We had a very comprehensive test spec, including “disturb tests”. I don’t remember all of the details this much later, but I know that there were tests that wrote a wordline, pounded on its neighbours for some number of cycles, then went back to see if that wordline properly retained its data. That sounds to me like this new attack, and we used to test for it, because at least at the time there were specific defects that caused bits to be sensitive.

That said, we were a high-end memory shop, selling high-spec memory. I know that many memory shops weren’t nearly as thorough with their testing as we were. I’ve also been out of standalone memory for quite a while, so I have no idea how things have changed.

Come to think of it, I had a colleague who is still in memory design at a different company. I need to ask him.

Russtopia March 11, 2015 1:01 PM

I found this attack really interested because it answered a 20-year-old question for me… I was working on my undergrad project, designing a minimal realtime micro-kernel (workalike of OS-9 from first principles..)

My kernel was to the point where it had started the ‘tick’ handler (main OS clock). Nothing else — and I mean NOTHING — was running in the system at this point, so the system was just entering the IRQ handler, incrementing the global tick count, then exiting. My system was rebooting after an exact interval (120 sec or thereabouts). I found that doing two (logically) useless XOR operations with $55555555/$aaaaaaaa constants made the reboot go away. I figured at the time there must have been some cumulative issue with the RAM being accessed so tightly with no variation, and the XORs ‘exercised’ the bus somehow to dissipate the effect. I had no idea it had a name though.

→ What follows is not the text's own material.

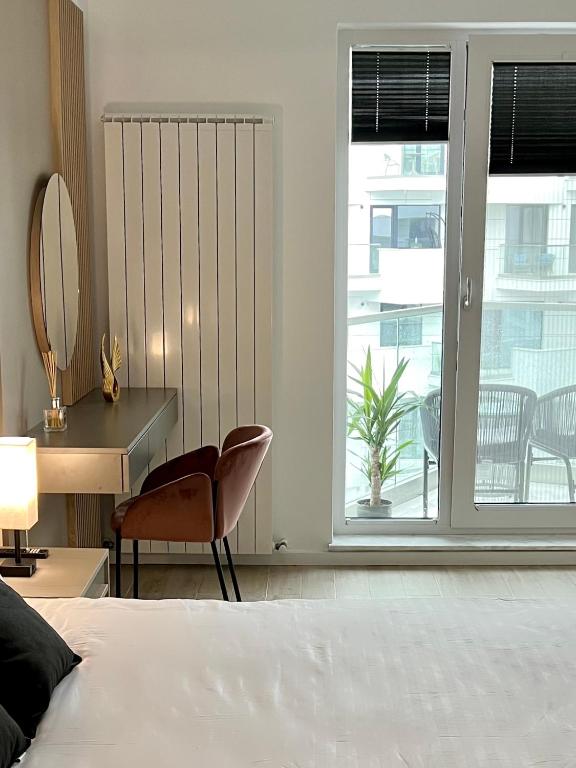 a bedroom with a bed and a chair and a window at Elite Summer Suite in Năvodari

Of course once the kernel was doing other things, like spawning processes and outputting boot messages to the console, the tick handler wasn’t the only thing running, and I could remove those XOR operations.

merino March 11, 2015 1:51 PM

OT: the UK’s foreign minister expresses his disappointment at the fact that the Snowden revelations haven’t fizzled out on their own. “Time to move on”, he has decided. And to demonstrate how noble his intentions are and how in touch he is with his people, he reassures us by announcing a new set of measures that will give the GCHQ “the powers they need” to take care of our concerns. In the context of modern UK politics, that undoubtedly means that anyone who is concerned will be identified and taken care of. I am so relieved the GCHQ will finally solve that “lack of power” problem that had us all so concerned.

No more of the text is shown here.